I will not go so far as to call Pius' condemnation a "mistake," but it does seem unfortunate when viewed with the hindsight of history. The fact that Pius XII saw fit to revoke it suggests that he viewed it as at least inopportune.

John L said...

'Not fully Catholic' scarcely does justice to Maurras' views. He was a convinced follower of Auguste Comte, the 19th-century founder of the positivist religion of science and humanity. He hated monotheism, and hated the Jews because they had promoted monotheistic belief. He held that the Catholic church had in practice rejected monotheism by substituting the authority of the Church for that of God, and approved of Catholicism for that reason. He thus accepted the worst Protestant slanders against Catholicism as true - but thought that they constituted praise of the Catholic faith; he hated Protestantism because he thought that it was monotheistic. Obviously Catholics could not follow or associate with such a man, whose movement was not simply a practical political one but was explicitly based on his ideology. Pius XI's condemnation of the movement was in keeping with his courageous defiance of non-Catholic ideologies.

You will not hear these facts about Maurras admitted by French apologists for him, but they are not in doubt; descriptions of them can be found in Victor Nguyen's standard work 'Aux origines de l'Action Francaise' (the standard work on the subject, by a man by no means hostile to Maurras), and Michael Sutton's 'Nationalism, Positivism and Catholicism: The Politics of Charles Maurras and French Catholics, 1890-1914' (the latter highly recommended for anglophone monoglots).

Woody said...

Well, one could say so much. One thing that I will bring to the fore is what I was recently told by a Traditionalist stalwart, whose name would be recognized by most here, that the condemnation of the AF was the straw that broke the camel's back for T.S. Eliot, who had been on the cusp of conversion until then. He remained an Anglo-Catholic (and monarchist) for the rest of his life.

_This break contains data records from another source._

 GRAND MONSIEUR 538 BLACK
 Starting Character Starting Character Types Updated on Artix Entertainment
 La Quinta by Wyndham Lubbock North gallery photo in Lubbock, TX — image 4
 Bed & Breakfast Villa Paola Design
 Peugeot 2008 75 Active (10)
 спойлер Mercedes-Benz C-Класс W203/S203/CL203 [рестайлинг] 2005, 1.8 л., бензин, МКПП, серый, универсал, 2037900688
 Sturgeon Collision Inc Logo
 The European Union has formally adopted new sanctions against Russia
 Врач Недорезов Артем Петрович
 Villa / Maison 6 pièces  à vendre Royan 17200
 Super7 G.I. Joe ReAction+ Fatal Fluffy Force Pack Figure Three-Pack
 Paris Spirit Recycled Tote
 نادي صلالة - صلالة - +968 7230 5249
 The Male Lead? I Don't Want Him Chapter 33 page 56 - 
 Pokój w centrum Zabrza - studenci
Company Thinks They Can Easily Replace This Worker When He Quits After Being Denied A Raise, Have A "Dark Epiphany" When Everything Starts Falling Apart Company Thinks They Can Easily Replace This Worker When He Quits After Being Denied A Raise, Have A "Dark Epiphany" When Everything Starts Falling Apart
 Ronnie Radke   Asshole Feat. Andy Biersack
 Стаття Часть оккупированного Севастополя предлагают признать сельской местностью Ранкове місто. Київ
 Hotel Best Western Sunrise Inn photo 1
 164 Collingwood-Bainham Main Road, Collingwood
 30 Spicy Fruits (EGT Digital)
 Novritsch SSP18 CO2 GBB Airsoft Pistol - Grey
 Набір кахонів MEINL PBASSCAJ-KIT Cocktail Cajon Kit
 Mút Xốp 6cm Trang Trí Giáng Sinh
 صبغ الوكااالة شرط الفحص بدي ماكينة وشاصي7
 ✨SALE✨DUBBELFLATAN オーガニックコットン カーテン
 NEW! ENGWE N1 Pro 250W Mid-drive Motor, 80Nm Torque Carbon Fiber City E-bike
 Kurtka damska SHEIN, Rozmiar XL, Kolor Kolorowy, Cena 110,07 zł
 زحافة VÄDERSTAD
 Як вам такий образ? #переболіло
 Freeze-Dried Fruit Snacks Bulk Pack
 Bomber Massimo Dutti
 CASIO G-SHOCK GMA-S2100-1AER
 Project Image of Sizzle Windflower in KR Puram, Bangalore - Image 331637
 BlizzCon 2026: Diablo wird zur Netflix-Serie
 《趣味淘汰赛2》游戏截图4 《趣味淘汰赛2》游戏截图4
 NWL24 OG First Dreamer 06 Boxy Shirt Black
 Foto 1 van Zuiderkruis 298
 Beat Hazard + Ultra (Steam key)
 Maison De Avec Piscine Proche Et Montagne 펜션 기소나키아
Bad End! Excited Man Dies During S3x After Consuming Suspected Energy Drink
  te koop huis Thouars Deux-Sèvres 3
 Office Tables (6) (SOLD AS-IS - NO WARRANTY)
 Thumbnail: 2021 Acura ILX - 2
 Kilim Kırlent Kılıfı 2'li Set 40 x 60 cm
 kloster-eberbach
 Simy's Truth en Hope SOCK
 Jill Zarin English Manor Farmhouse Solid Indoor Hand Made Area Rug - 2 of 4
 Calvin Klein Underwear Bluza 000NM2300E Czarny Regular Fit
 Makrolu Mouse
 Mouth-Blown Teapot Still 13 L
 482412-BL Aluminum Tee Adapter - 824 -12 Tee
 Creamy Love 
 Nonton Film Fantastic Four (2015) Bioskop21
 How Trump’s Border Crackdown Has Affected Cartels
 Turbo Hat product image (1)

Archbishop Lefebvre said that Pius XI's judgment here was seriously deficient, as a prudential matter, as it was also when Pius ordered the Cristeros to lay down their arms, thus ensuring their deaths.

On the side of gallows humor, however, is the great story (apparently true) of the leftist Academicien who was approached by a friend after Maurras had been elected to the French Academy and asked if he had voted for Maurras. He replied, "But of course, how could one resist the opportunity to vote against the Pope, the King and the Republic all in one vote?" [The part about the King is due to the fact that the Orleanist pretender had repudiated AF, the others should be obvious.]

Anonymous said...

@ John L

Pius XI's condemnation of the movement was in keeping with his courageous defiance of non-Catholic ideologies.

Quite true, which is why I stopped short of calling it a "mistake." Maurras was clearly wrong, and his views posed a potential danger to Catholics who associated with him - even those who were drawn more by the appearance of a viable monarchist movement than by philosophical positivism.

The only question that can be fairly raised would be whether it was inopportune or imprudent, as Abp. Lefebvre professed. As I said, it seems that Pius XII was of the same mind. Otherwise, why would he have lifted the condemnation?

One can ask conversely, though, whether perhaps Pius XI displayed more courage in being unwilling to compromise where the Faith was at stake, despite the menace of International Socialism? In the '20s, it must have seemed like the greatest danger was violence form revolutionary Communism. Surely the danger to the lives of Catholics would be outweighed by a danger to their souls. Would it not be better, then, to protect their souls, even at the cost of their lives? Or is this shortsighted? Does it overlooks the insidiousness of Marxist ideology, and the danger to souls in the future that would come from living in a world dominated by Marxists?

I honestly cannot claim to know the answer, and I thank God that it was not my decision to make.

At any rate, it is undeniable that, despite Maurras' personal views, there were a number of more-or-less decent Catholics were associated with Action Française before the condemnation. It is certainly most unfortunate that these were never able to form a cohesive movement without the heterodox elements.